Tarzan still swings through the jungle in this film. His faithful chimp Cheetah is gone, the loincloth has been replaced by low-slung britches, and the "Me Tarzan, you Jane" dialogue was left in the past.

Every Tarzan fan is aware that Tarzan's parents were British aristocrats whose many-versioned deaths left Tarzan to be raised by apes in a far superior manner than what would have taken place in England as a child of privilege.
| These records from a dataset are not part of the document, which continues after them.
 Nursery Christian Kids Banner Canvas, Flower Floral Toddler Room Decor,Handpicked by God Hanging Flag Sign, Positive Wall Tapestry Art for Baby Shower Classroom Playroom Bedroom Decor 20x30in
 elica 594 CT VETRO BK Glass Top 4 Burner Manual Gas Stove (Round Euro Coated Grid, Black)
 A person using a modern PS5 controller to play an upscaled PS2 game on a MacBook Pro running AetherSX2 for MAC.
Tarzan appears in this film for the first time as Lord John Clayton III, Earl of Greystoke, a member of the House of Lords in late 19th century Britain, and a legend much reduced. He and Jane have married and live in an imposing manor house with all the trappings. Warning: More spoilers ahead.

Tarzan leaps into action
Tarzan leaps into action

Tarzan has become quite comfortable in his life of a British lord, speaking the king's English--the only trace of his tree-swinging days are his remarkable abs. The British prime minister summons Tarzan to his office to ask him to go to the Belgian Congo to check on things there--the invitation comes from Belgian King Leopold II, through his envoy Leon Rom.

Tarzan says thanks, but no thanks. But George Washington Williams, an African American journalist and political figure who joins Leopold and Rom as another non-fictional character in the movie, persuades Tarzan to change his mind when Washington suggests that the Belgians may be enslaving the Congolese people.
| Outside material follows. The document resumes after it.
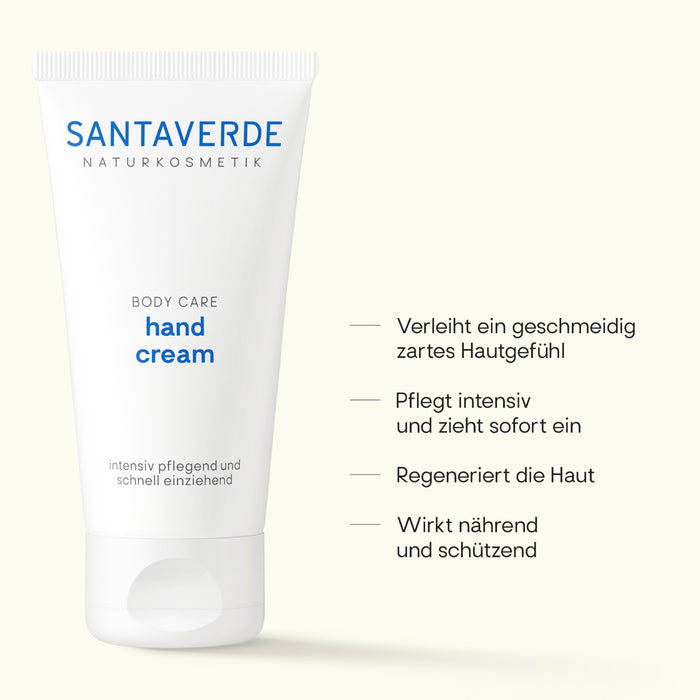Santaverde Hand Cream 50 ml – ohne Duftstoffe für sensible Haut, Produktdarstellung mit USPs und Anwendungsvorteilen auf hellem Hintergrund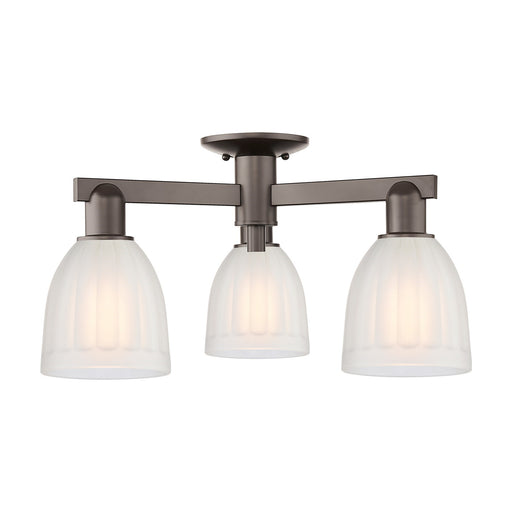 Innovations Brookfield 23.25in 3-Light Semi-Flush Mount | Industrial Oil Rubbed Bronze Steel and White Frosted Glass | Entryway & | Model 716-3F-OB-G441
SO WHAT was really going on in the scene in the British Prime Minister's office?

At the Berlin Conference of 1884-85, the European powers--having recently discovered the vast natural resources of the African continent--divided up Africa, with all parties scrambling for the best advantage to carve up and subjugate the continent. Of the 14 nations attending, France, Germany, Great Britain and Portugal controlled most of colonial Africa and had the most say.

Review: Movies

The Legend of Tarzan, directed by David Yates, written by Adam Cozad and Craig Brewer, starring Alexander Skarsgård, Christoph Waltz, Samuel L. Jackson and Margot Robbie.

The effects of the plan to control the riches of Africa caused unbelievable devastation to the people of Africa and haunt the continent to this day.
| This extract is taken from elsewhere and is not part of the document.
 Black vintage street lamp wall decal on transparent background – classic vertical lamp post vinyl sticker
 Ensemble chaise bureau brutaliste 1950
The conferees agreed to end slavery by the African and Islamic powers in order to get the agreement approved. The Congo River and Niger River mouths and basins were to be neutral territory open to all European investment, but part of the resource-rich Congo basin later became the personal property of King Leopold II of Belgium.

The megalomaniac Leopold promised to "Christianize" the Africans and provide humanitarian and philanthropic development to the area--to be known as the Congo Free State--with no tax on trade. Instead, his Free State became perhaps the greatest of the many imperialist genocidal nightmares.

In the movie, what the British prime minister apparently wants Tarzan to do is check on Leopold's shenanigans to make sure he isn't controlling the resources in a way that would disadvantage Britain's interests. Leopold is deeply in debt for building a railroad system and considerable infrastructure with slave labor so he can continue to plunder the country.

The Belgian officer Leon Rom carried out Leopold's designs for the Congo. In the movie, his job is to find the diamonds to pay the debts and complete the subjugation of the country. For his part, Rom wants Tarzan to go to Africa so he can be turned over to a tribal leader who has a beef with him--the leader will then lead Rom to the diamonds.

And of course, Williams, who fought in the Union Army during the U.S. Civil War to end slavery, wants him to go so he can find out what is really going on in the Congo.

Tarzan, Jane and Williams head for Africa, Jane having refused to be left behind because she misses Africa and has grown tired of hybridizing coconuts--a by-product of colonization if there ever was one--and playing ping pong. There is a heartwarming reunion when Tarzan and Jane meet the Congolese tribe they once new--along with plenty of CG fighting and reunions with the animals who love and remember Tarzan.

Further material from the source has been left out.